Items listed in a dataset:
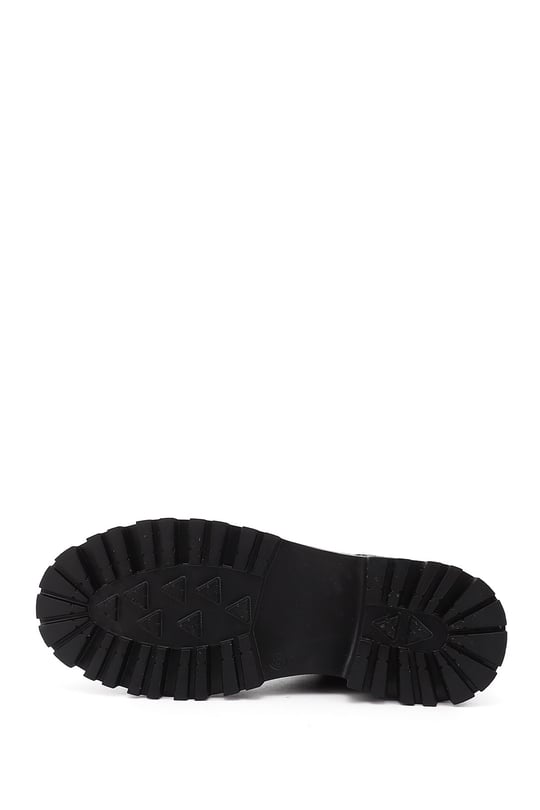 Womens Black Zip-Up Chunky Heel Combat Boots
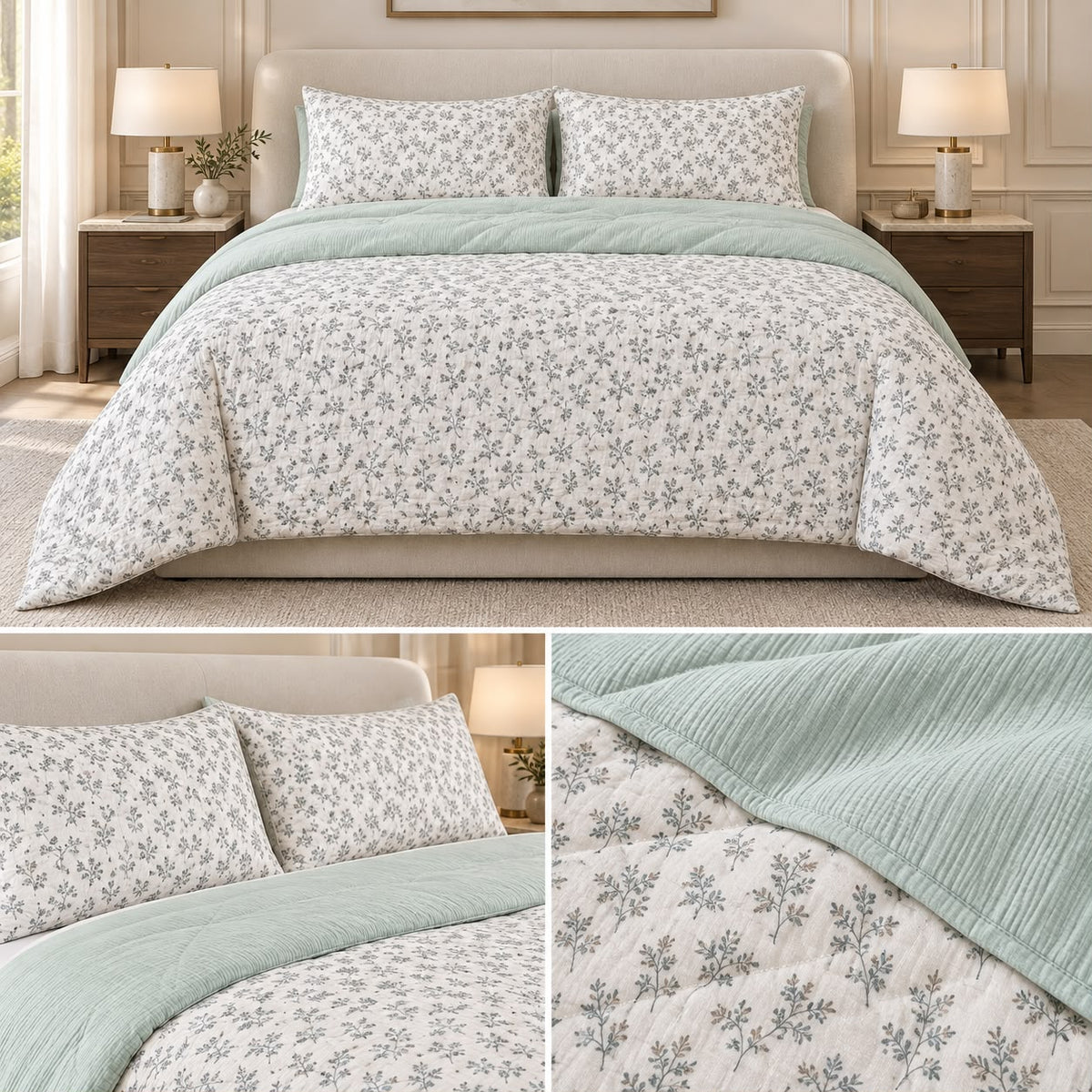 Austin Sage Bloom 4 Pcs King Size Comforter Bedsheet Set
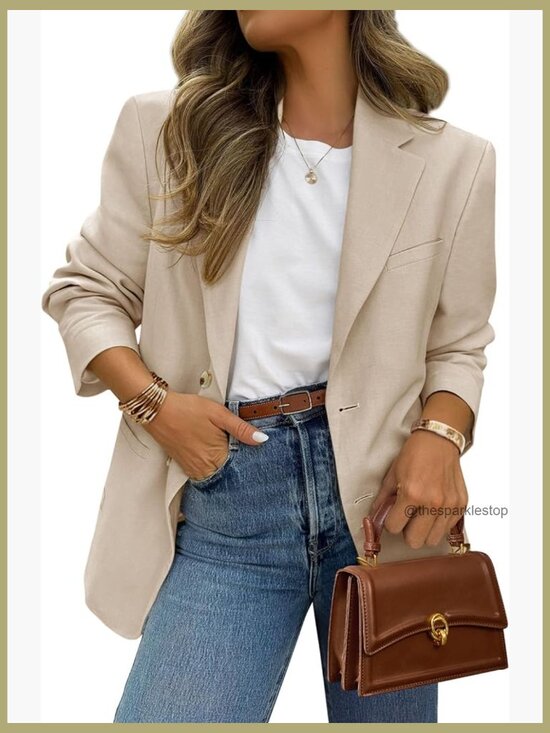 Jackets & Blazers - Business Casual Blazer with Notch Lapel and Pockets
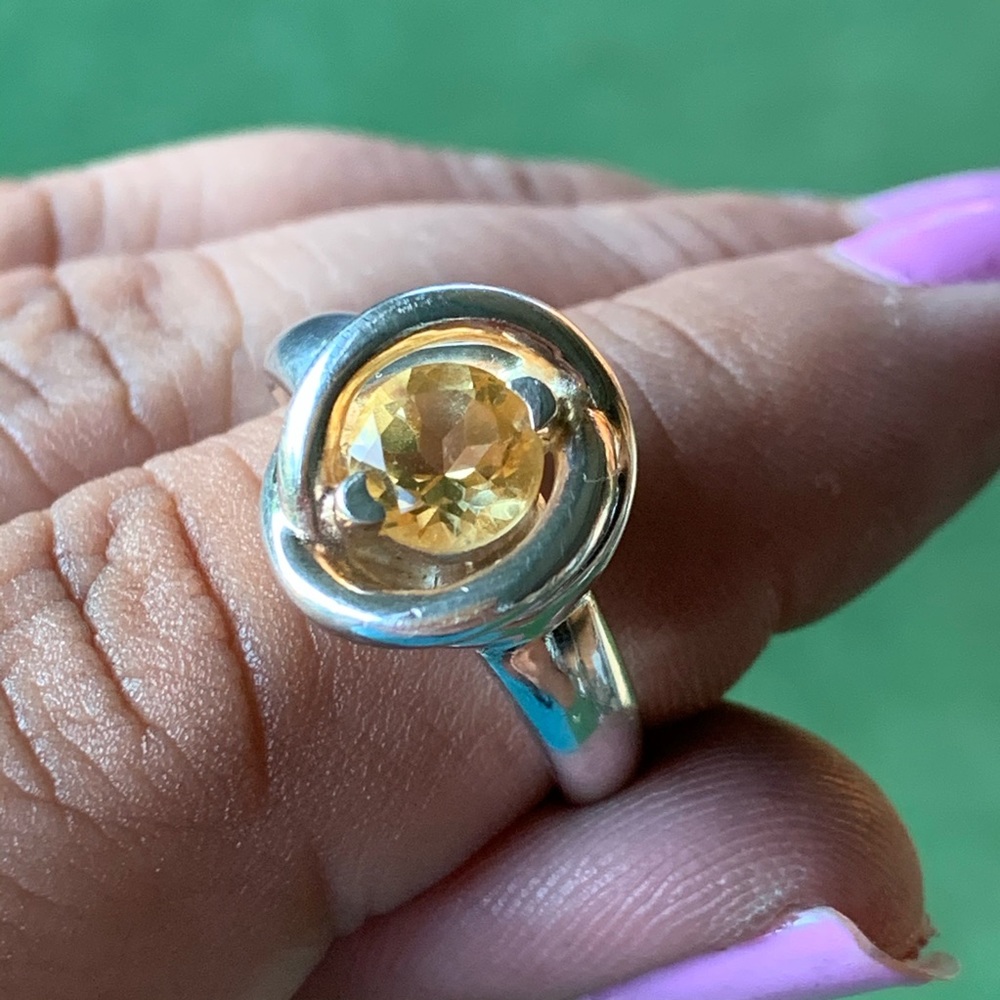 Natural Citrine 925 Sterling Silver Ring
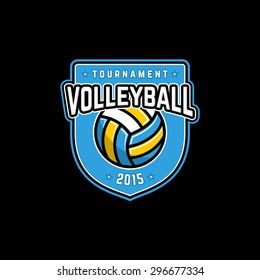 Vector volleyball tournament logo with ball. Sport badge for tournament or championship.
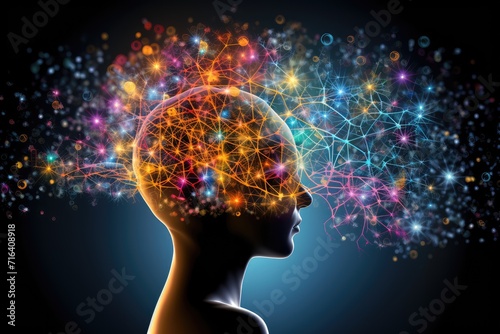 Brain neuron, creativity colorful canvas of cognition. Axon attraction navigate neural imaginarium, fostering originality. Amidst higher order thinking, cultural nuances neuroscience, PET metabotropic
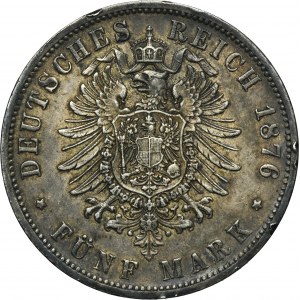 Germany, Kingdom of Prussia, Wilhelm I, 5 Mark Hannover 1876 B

* * *

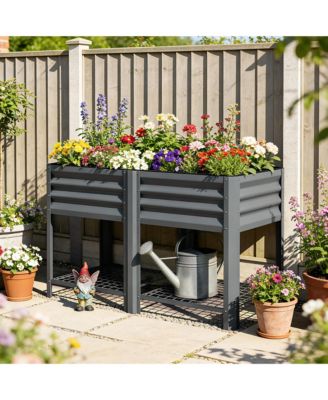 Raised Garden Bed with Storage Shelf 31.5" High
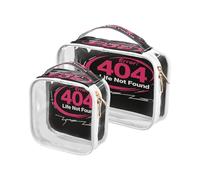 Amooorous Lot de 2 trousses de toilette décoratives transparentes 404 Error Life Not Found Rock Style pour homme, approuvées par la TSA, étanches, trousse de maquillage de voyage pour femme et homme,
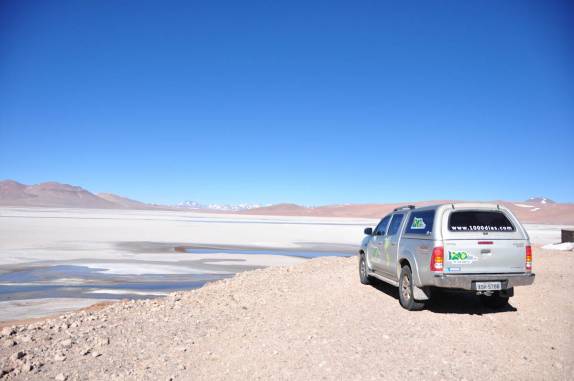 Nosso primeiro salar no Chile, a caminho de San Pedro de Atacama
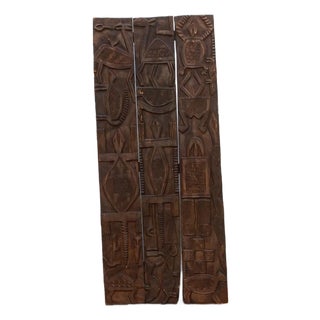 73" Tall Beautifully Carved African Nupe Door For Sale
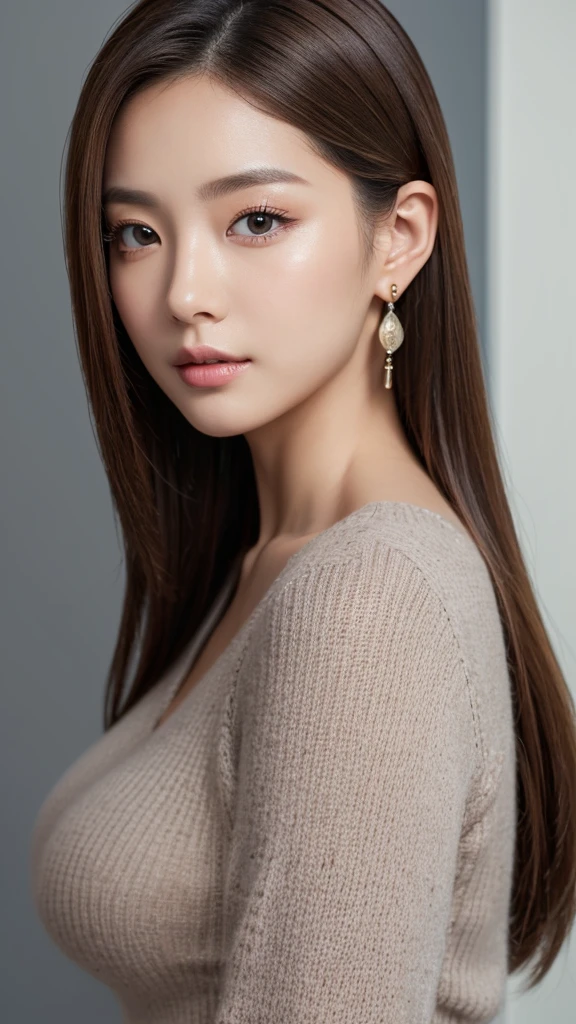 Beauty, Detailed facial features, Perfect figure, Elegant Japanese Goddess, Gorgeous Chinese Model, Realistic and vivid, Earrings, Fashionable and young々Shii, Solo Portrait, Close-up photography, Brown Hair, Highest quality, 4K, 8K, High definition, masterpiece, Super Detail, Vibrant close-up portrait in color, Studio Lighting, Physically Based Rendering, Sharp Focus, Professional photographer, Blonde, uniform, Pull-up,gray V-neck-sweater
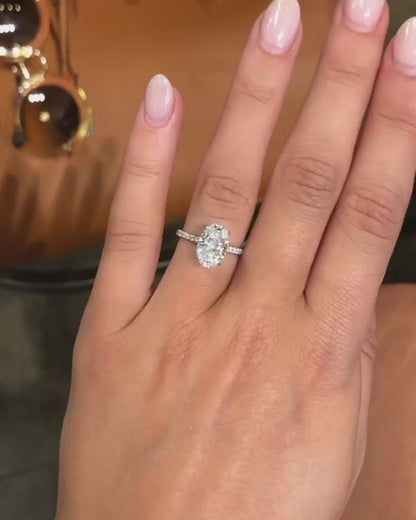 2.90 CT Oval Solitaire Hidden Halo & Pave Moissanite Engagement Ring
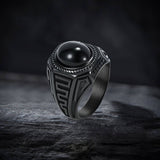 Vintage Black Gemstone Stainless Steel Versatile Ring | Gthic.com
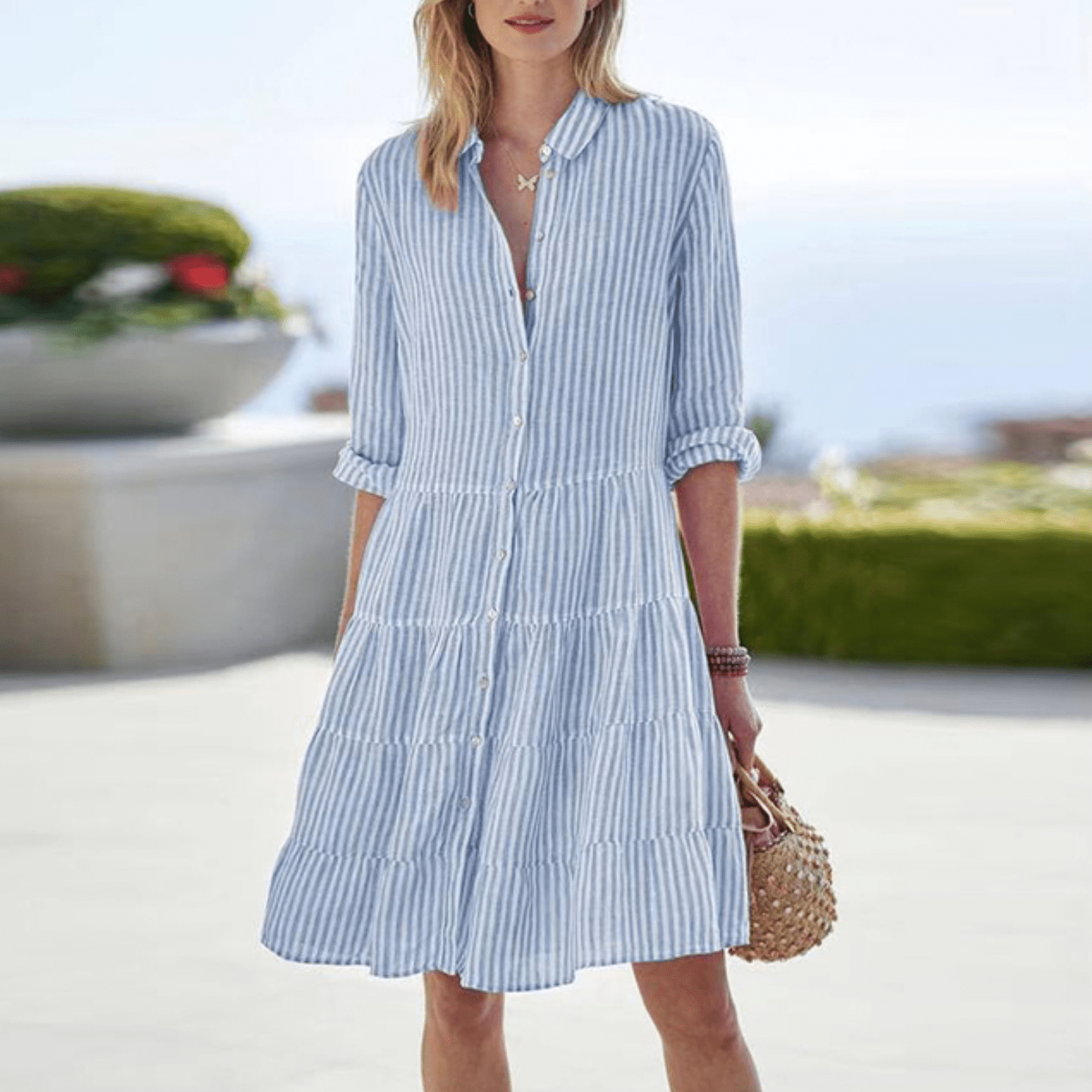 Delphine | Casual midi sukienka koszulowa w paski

▸ **TASK ITEM**:
Using the records above, print exactly the lines between the ones containing "Womens Black Zip-Up Chunky Heel Combat Boots" and "Natural Citrine 925 Sterling Silver Ring", inclusive, and nothing else; no pictures.

▸ **SOLUTION TO THIS EXERCISE**:
 Womens Black Zip-Up Chunky Heel Combat Boots
 Austin Sage Bloom 4 Pcs King Size Comforter Bedsheet Set
 Jackets & Blazers - Business Casual Blazer with Notch Lapel and Pockets
 Natural Citrine 925 Sterling Silver Ring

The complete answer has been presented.